All Forked Up - Everything you need to know about Bitcoin Gold
What is a Hard Fork?
In relation to blockchain technology, a hard fork is the name for a permanent divergence from the previous version of the blockchain, where nodes running previous versions will no longer be accepted by the newest version. This creates a virtual fork in the blockchain, where one path follows the new, upgraded blockchain and one path continues along the old path.
What is Bitcoin Gold?
Bitcoin Gold, the invention of Jack Liao, is a fork of Bitcoin scheduled to occur on October 25. Just like with Bitcoin Cash, when the fork occurs, Bitcoin holders will be given a number of Bitcoin Gold coins equal to their Bitcoin balance at the time. Bitcoin owners who acquire Bitcoin Gold may choose to either keep the new coins or sell them for Bitcoin. Like Bitcoin Cash, Bitcoin Gold will be an altcoin. Most Bitcoin miners will not leave the Bitcoin network to mine Bitcoin Gold, and as of today, most major exchanges have not stated that they will support Bitcoin Gold. As such, there is, for all intents and purposes, no danger at all of Bitcoin Gold having any lasting negative effect on the original Bitcoin chain.
The goal of Bitcoin Gold is to solve miner centralization through a proof-of-work change. Today, one of the growing concerns about Bitcoin is that it is becoming more and more centralized - the opposite of its original intention. Bitcoin miners are starting to use more and more powerful specialized application-specific integrated circuit (ASIC) computers to mine Bitcoin - usually specialized mining rigs such as the popular Bitmain Antminer series. The Bitcoin Gold developer team has chosen Equihash for their proof-of-work, a memory-hard algorithm which is ASIC resistant, also used by ZCash. The idea is to make CPU and GPU mining lucrative again, giving power back to the everyday user and decreasing miner centralization.

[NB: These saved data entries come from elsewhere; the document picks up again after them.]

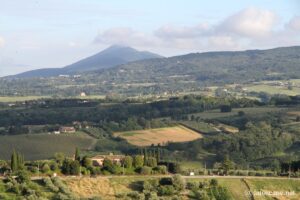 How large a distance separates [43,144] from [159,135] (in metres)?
24.0

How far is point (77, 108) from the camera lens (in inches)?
6654

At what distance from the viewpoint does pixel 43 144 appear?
113 meters

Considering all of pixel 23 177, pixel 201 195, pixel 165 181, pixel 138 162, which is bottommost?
pixel 201 195

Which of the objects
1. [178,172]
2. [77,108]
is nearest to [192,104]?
[77,108]

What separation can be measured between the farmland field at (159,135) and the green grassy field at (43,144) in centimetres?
763

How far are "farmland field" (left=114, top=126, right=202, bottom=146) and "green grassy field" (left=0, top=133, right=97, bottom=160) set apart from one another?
25.0 feet

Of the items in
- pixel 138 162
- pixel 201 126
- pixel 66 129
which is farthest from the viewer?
pixel 201 126

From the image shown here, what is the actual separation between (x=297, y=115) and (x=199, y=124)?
22545 mm

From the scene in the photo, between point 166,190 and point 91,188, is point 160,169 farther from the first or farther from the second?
point 91,188

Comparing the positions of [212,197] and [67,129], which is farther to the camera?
[67,129]

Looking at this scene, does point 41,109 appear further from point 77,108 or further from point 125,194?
point 125,194

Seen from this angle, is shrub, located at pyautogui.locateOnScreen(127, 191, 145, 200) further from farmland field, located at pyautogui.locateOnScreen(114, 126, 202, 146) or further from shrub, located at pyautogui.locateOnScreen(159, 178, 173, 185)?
farmland field, located at pyautogui.locateOnScreen(114, 126, 202, 146)

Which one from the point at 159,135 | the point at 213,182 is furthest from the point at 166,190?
the point at 159,135

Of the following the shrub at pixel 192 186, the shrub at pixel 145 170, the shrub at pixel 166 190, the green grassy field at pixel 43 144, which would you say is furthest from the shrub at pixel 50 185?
the green grassy field at pixel 43 144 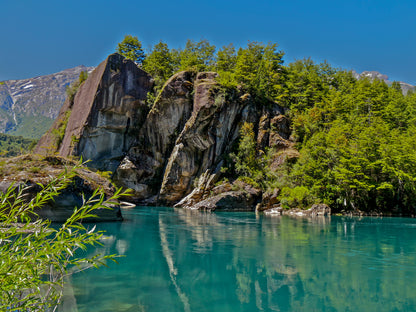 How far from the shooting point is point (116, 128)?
47500mm

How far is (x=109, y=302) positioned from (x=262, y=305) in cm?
311

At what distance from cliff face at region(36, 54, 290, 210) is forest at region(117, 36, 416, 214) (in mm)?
2056

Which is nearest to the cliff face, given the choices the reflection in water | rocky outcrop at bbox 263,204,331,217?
rocky outcrop at bbox 263,204,331,217

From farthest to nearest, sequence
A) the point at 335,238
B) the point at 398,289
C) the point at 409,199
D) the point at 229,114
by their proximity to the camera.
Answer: the point at 229,114
the point at 409,199
the point at 335,238
the point at 398,289

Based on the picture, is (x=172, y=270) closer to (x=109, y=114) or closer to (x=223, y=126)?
(x=223, y=126)

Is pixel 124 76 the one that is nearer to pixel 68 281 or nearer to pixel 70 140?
pixel 70 140

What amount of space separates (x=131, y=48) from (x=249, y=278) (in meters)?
56.2


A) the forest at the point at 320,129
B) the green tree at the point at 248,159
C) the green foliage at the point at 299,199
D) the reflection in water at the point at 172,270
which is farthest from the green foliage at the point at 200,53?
the reflection in water at the point at 172,270

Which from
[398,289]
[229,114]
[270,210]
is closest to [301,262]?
[398,289]

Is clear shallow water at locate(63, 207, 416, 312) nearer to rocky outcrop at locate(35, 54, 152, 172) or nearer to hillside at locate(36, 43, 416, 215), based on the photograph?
hillside at locate(36, 43, 416, 215)

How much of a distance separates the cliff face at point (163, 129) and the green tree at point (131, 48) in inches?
385

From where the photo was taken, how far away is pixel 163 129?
1847 inches

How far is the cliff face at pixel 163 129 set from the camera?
44.1 metres

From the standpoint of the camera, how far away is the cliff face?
44125 mm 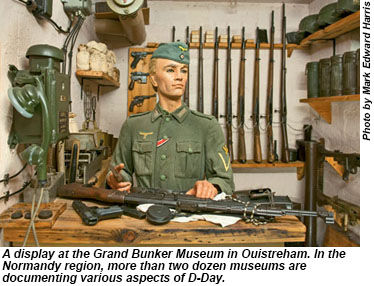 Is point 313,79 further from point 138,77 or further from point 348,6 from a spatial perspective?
point 138,77

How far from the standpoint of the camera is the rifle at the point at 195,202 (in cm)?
117

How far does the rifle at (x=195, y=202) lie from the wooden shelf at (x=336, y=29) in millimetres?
1956

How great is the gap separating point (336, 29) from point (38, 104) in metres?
2.70

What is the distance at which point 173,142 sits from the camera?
1.74 m

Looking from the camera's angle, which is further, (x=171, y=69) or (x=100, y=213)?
(x=171, y=69)

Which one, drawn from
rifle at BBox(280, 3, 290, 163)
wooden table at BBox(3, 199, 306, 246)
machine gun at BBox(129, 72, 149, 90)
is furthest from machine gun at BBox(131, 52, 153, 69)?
wooden table at BBox(3, 199, 306, 246)

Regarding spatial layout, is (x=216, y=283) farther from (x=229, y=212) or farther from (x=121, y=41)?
(x=121, y=41)

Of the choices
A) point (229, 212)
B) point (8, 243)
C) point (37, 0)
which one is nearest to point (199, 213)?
point (229, 212)

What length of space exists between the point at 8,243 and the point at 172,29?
3169 millimetres

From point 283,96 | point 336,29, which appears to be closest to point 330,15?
point 336,29

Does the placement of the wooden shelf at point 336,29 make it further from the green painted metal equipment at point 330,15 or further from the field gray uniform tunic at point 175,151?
the field gray uniform tunic at point 175,151

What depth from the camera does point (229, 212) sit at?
1.21m

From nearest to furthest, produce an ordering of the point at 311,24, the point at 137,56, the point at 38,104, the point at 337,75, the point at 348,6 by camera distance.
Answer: the point at 38,104 → the point at 348,6 → the point at 337,75 → the point at 311,24 → the point at 137,56

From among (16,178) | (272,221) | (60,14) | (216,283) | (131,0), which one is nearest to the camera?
(216,283) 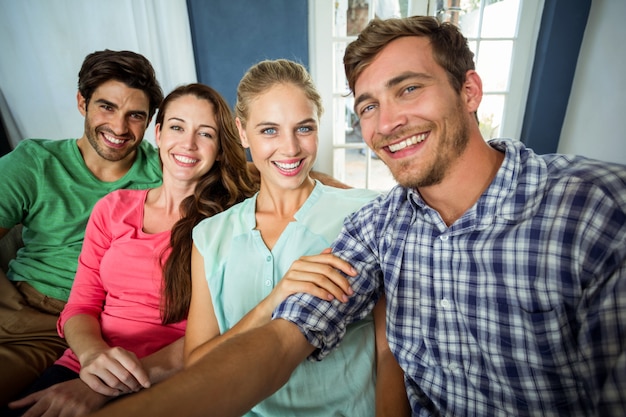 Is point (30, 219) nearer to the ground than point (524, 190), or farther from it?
nearer to the ground

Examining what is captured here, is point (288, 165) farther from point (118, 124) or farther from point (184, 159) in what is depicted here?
point (118, 124)

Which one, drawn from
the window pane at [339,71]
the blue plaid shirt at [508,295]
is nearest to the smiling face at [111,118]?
the blue plaid shirt at [508,295]

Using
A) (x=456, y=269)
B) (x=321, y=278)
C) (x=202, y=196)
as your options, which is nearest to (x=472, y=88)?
(x=456, y=269)

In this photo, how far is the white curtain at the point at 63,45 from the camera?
1.96 meters

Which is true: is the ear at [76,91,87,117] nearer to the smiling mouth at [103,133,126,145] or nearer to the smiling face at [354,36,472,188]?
the smiling mouth at [103,133,126,145]

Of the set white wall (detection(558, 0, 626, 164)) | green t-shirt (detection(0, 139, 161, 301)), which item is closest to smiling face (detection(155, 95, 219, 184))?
green t-shirt (detection(0, 139, 161, 301))

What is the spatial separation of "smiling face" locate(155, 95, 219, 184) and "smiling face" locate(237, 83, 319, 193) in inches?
12.0

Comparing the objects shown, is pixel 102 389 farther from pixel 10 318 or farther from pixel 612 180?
pixel 612 180

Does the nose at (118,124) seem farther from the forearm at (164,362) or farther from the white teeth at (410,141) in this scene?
the white teeth at (410,141)

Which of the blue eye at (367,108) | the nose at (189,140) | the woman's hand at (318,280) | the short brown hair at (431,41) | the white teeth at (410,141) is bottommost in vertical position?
the woman's hand at (318,280)

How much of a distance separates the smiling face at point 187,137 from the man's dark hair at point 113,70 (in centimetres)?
38

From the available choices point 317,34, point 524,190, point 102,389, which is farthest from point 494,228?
point 317,34

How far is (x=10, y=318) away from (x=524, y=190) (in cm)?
191

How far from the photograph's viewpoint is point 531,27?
2309 mm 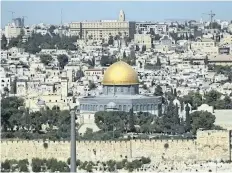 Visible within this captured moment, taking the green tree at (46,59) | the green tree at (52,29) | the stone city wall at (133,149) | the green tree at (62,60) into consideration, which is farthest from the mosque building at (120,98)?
the green tree at (52,29)

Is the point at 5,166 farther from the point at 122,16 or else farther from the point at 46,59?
the point at 122,16

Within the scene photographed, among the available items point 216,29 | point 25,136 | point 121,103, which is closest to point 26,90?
point 121,103

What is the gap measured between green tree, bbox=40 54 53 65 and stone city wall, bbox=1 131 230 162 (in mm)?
28479

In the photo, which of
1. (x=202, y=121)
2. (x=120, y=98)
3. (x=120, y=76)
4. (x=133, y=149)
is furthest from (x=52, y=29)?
(x=133, y=149)

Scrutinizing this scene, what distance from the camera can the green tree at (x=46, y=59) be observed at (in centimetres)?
4856

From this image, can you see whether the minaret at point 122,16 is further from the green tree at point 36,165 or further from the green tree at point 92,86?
the green tree at point 36,165

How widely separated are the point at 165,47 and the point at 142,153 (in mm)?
41361

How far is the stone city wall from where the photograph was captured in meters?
19.3

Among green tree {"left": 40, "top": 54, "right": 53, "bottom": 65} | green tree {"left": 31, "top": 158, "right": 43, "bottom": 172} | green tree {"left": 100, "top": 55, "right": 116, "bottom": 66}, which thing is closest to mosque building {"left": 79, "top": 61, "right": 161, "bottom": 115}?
green tree {"left": 31, "top": 158, "right": 43, "bottom": 172}

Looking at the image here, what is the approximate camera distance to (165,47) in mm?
60781

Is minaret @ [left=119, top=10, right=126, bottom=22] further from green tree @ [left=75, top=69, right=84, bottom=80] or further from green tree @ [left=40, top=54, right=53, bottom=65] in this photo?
green tree @ [left=75, top=69, right=84, bottom=80]

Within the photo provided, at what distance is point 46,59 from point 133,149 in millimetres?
30050

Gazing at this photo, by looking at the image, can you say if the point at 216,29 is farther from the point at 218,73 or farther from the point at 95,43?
the point at 218,73

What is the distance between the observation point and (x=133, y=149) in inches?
773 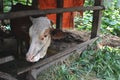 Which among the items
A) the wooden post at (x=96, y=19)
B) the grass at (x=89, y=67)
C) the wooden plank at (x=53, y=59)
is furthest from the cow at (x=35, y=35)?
the wooden post at (x=96, y=19)

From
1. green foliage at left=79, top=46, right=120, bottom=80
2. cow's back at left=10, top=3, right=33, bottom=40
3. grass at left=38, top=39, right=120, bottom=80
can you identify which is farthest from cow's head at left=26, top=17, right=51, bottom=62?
green foliage at left=79, top=46, right=120, bottom=80

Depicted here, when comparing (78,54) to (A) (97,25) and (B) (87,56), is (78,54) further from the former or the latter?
(A) (97,25)

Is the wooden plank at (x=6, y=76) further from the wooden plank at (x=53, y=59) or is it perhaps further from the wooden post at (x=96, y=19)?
the wooden post at (x=96, y=19)

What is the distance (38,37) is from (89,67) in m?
1.80

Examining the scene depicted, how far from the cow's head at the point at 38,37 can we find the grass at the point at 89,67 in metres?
0.70

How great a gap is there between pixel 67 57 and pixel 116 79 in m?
1.06

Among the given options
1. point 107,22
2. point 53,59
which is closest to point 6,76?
point 53,59

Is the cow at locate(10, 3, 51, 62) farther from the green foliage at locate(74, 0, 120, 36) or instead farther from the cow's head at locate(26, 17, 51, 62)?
the green foliage at locate(74, 0, 120, 36)

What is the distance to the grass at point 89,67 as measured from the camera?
5372 mm

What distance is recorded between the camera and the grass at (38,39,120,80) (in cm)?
537

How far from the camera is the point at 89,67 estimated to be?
5.97m

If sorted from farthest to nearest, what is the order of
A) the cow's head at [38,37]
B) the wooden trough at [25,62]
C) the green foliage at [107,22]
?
the green foliage at [107,22] < the cow's head at [38,37] < the wooden trough at [25,62]

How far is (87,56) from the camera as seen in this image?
6422 mm

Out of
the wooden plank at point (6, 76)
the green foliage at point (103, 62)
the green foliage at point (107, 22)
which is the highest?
the wooden plank at point (6, 76) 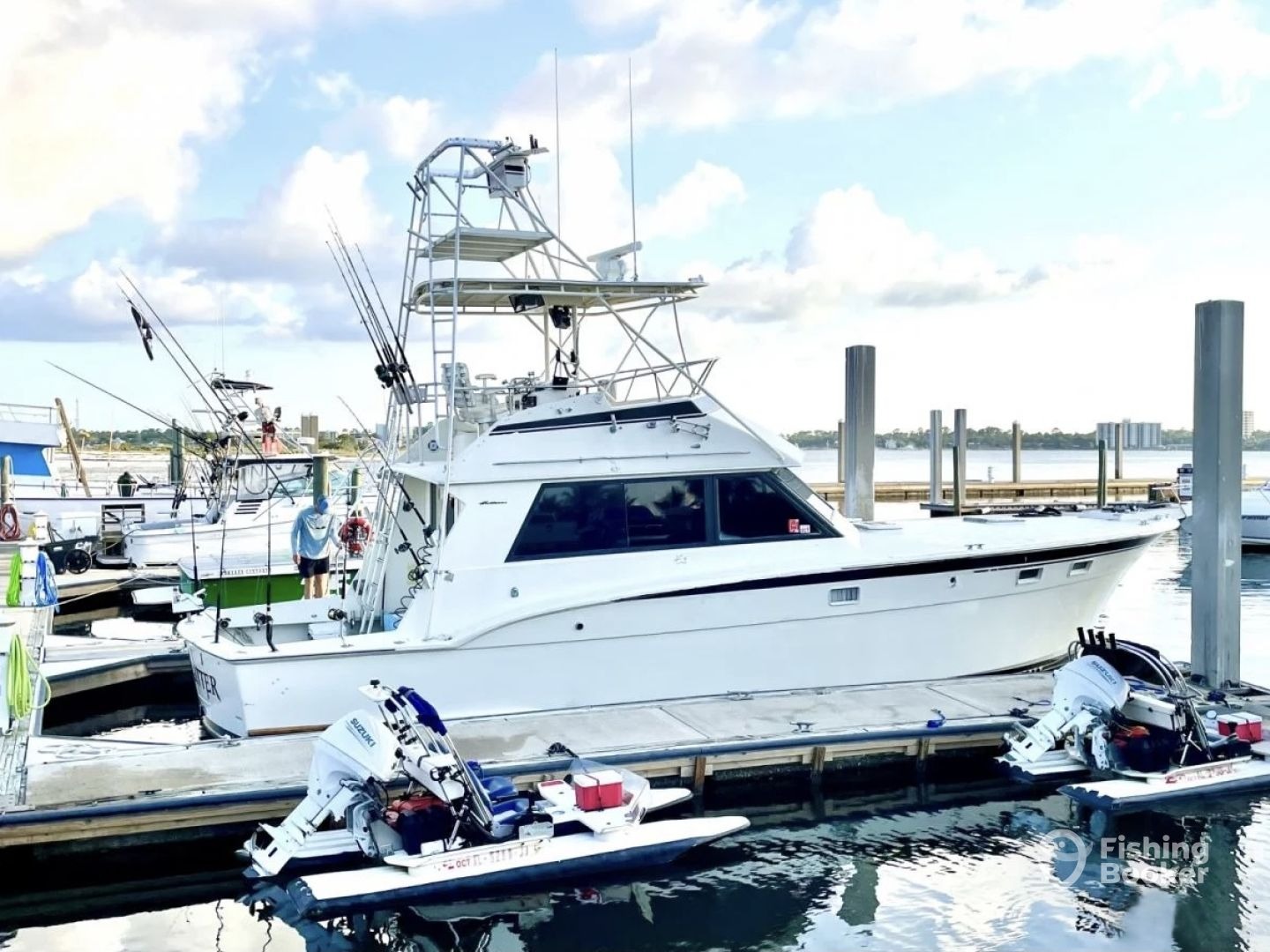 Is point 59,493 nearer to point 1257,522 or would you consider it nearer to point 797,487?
point 797,487

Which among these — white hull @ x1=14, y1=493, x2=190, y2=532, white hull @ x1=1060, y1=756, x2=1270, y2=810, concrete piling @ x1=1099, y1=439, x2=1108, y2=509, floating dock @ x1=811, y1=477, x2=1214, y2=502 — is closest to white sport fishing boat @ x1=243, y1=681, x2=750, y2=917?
white hull @ x1=1060, y1=756, x2=1270, y2=810

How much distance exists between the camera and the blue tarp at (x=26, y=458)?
87.8 feet

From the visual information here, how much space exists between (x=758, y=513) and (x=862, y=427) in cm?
495

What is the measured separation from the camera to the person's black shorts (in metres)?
13.0

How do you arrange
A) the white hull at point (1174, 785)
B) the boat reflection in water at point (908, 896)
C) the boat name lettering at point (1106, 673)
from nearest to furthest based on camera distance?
the boat reflection in water at point (908, 896) → the white hull at point (1174, 785) → the boat name lettering at point (1106, 673)

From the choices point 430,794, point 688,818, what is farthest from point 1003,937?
point 430,794

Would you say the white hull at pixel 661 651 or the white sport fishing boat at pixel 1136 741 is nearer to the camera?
the white sport fishing boat at pixel 1136 741

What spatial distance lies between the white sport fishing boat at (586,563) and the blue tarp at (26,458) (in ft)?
66.6

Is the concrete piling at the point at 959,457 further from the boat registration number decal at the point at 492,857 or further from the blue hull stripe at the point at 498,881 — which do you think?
the boat registration number decal at the point at 492,857

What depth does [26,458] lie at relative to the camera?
27016mm

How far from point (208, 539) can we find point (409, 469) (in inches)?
418

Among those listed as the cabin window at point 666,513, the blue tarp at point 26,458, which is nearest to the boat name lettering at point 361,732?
the cabin window at point 666,513

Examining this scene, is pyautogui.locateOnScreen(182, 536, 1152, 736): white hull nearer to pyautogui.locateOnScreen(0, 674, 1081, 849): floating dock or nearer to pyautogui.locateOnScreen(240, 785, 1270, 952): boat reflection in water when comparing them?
pyautogui.locateOnScreen(0, 674, 1081, 849): floating dock

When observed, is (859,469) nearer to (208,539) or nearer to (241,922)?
(241,922) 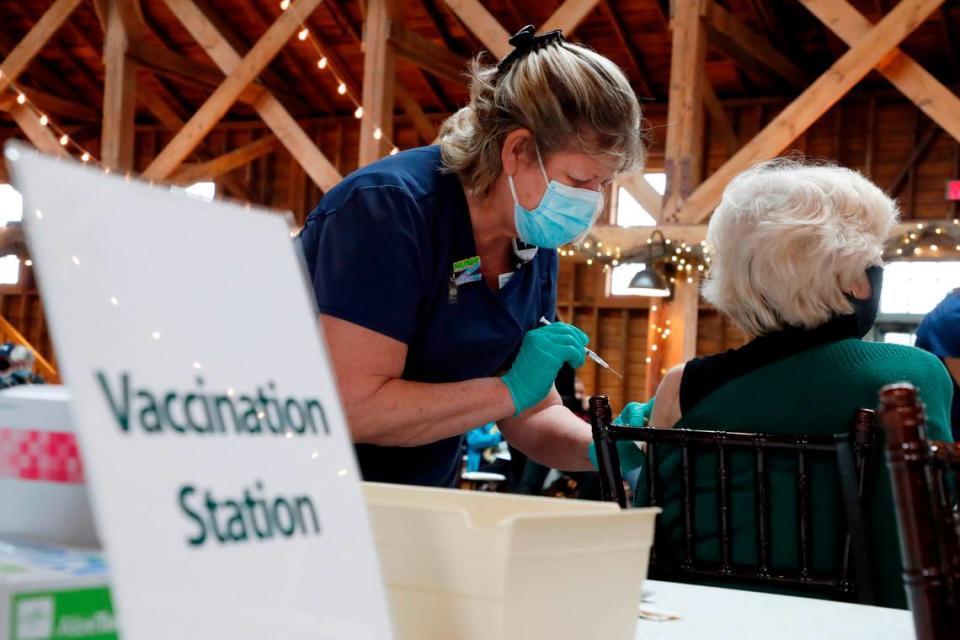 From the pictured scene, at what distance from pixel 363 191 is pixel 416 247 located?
0.11 m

How Will Bitcoin Gold Affect Me?
Bitcoin Gold will only affect you if you hold Bitcoin when the Bitcoin Gold team picks the hard fork block - sometime around October 25. You will receive the exact number of Bitcoin Gold tokens as the amount of Bitcoin you hold at that block. The Bitcoin Gold team is planning strong replay protection, so replay attacks shouldn't be a problem.
If Bitcoin Gold isn't worth much, it's probably not worth doing anything. But if it's actually worth something, wallet developers will most likely write tools to allow you to access your Bitcoin Gold. If you keep your Bitcoin on an exchange, the exchange will most likely credit you with your Bitcoin Gold eventually, especially if it turns out to be somewhat valuable. However, the safest bet is still to transfer your Bitcoin to an offline wallet, which you control the private keys for, if you want to make sure that you get your Bitcoin Gold.
Will Bitcoin be Dethroned?
After Bitcoin Cash forked on August 1st this year, Lightning Network developer Tadge Dryja argued that more forks would spring up, but for another reason: money. With Bitcoin Gold fast approaching, and Segwit2x slated for November, it seems that Dryja's prediction is slowly becoming reality.
Although Bitcoin Cash and Bitcoin Gold are technically forks of Bitcoin, they do not affect the original Bitcoin network in any way. They are only forks in the sense that they use most of Bitcoin's code, and distribute their currency proportionally to all Bitcoin holders. Because the term "fork" usually refers to an attempt to upgrade a network, invalidating the old blockchain, using "fork" to describe Bitcoin Cash and Bitcoin Gold is somewhat misleading. A better word might be "airdrop". An airdrop is a way to distribute coins when an altcoin is created - since the only thing Bitcoin Cash and Bitcoin Gold use the Bitcoin blockchain for is initial token distribution, they are really more like airdrops than forks.
In other words, the original Bitcoin network is in no way affected by these forks. Bitcoin's supply will not increase - there will still only ever be 21 million Bitcoin. And the Bitcoin blockchain will continue to soldier on, just as it has since the very first block was mined in 2009.